Abends vorm Fernseher ist es meistens die Fernbedienung, die ich dann festhalte. Aber wenn ich mit meinem Sohn gemeinsam fernsehe, dann muss ich ihm die Fernbedienung überlassen. Ich schnappe mir derweil das kleine Sofakissen, welches ich dann an meinen Körper drücke und festhalte. Wahrscheinlich geht es meinem Sohn mit den Händen genauso, aber das habe ich noch nicht so beobachtet. Bei meinem kleinen Autisten ist es leider eher so, das er an seinen Fingernägeln pult. Nachts im Bett macht er es mit den Füßen, da hat er sich auch schon zweimal den kompletten Zehnagel abgepult.

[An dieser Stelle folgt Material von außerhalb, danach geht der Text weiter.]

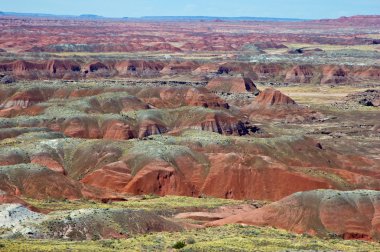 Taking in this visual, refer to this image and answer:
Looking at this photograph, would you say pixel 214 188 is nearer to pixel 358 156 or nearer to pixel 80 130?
pixel 358 156

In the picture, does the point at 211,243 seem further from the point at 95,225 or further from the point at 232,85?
the point at 232,85

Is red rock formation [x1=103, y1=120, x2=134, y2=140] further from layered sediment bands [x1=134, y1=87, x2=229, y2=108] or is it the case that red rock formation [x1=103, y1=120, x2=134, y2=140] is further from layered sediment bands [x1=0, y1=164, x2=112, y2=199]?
layered sediment bands [x1=0, y1=164, x2=112, y2=199]

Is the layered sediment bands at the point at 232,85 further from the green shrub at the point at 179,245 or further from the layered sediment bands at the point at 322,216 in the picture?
the green shrub at the point at 179,245

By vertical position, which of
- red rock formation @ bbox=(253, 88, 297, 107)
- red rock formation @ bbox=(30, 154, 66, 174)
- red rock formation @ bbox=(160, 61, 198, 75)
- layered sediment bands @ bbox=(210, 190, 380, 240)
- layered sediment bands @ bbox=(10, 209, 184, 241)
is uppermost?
layered sediment bands @ bbox=(10, 209, 184, 241)

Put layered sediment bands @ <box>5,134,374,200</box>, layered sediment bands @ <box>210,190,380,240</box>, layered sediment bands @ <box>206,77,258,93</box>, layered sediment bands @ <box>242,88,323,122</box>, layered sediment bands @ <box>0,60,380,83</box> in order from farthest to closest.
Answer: layered sediment bands @ <box>0,60,380,83</box> < layered sediment bands @ <box>206,77,258,93</box> < layered sediment bands @ <box>242,88,323,122</box> < layered sediment bands @ <box>5,134,374,200</box> < layered sediment bands @ <box>210,190,380,240</box>

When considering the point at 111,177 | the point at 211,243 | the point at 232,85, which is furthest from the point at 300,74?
the point at 211,243

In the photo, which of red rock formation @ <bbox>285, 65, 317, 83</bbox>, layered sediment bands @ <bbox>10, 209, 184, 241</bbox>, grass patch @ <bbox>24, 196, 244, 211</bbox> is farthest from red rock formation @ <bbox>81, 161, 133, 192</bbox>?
red rock formation @ <bbox>285, 65, 317, 83</bbox>

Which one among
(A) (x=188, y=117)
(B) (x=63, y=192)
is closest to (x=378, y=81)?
(A) (x=188, y=117) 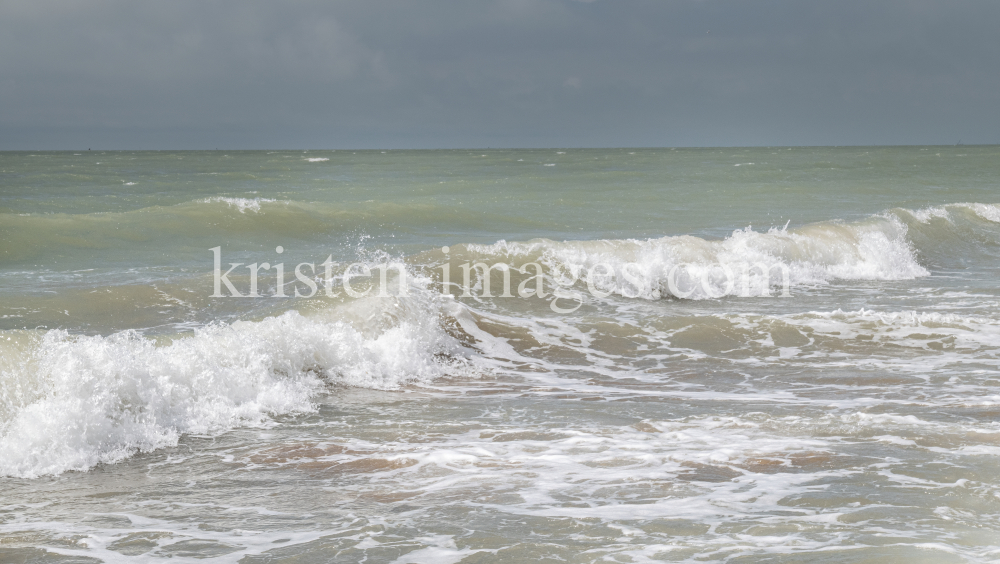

Momente, in denen keine Gegenstände greifbar sind, die gibt es auch. Dann spiele ich oftmals an meinen Ohrringen oder drehe meinen Ring, ziehe ihn ab und setze ihn wieder auf. Oder das Feuerzeug in meiner Tasche. Eigentlich findet sich immer etwas, meinen Händen wird wohl die langweilig, sie suchen einfach eine Beschäftigung und geben mir Sicherheit.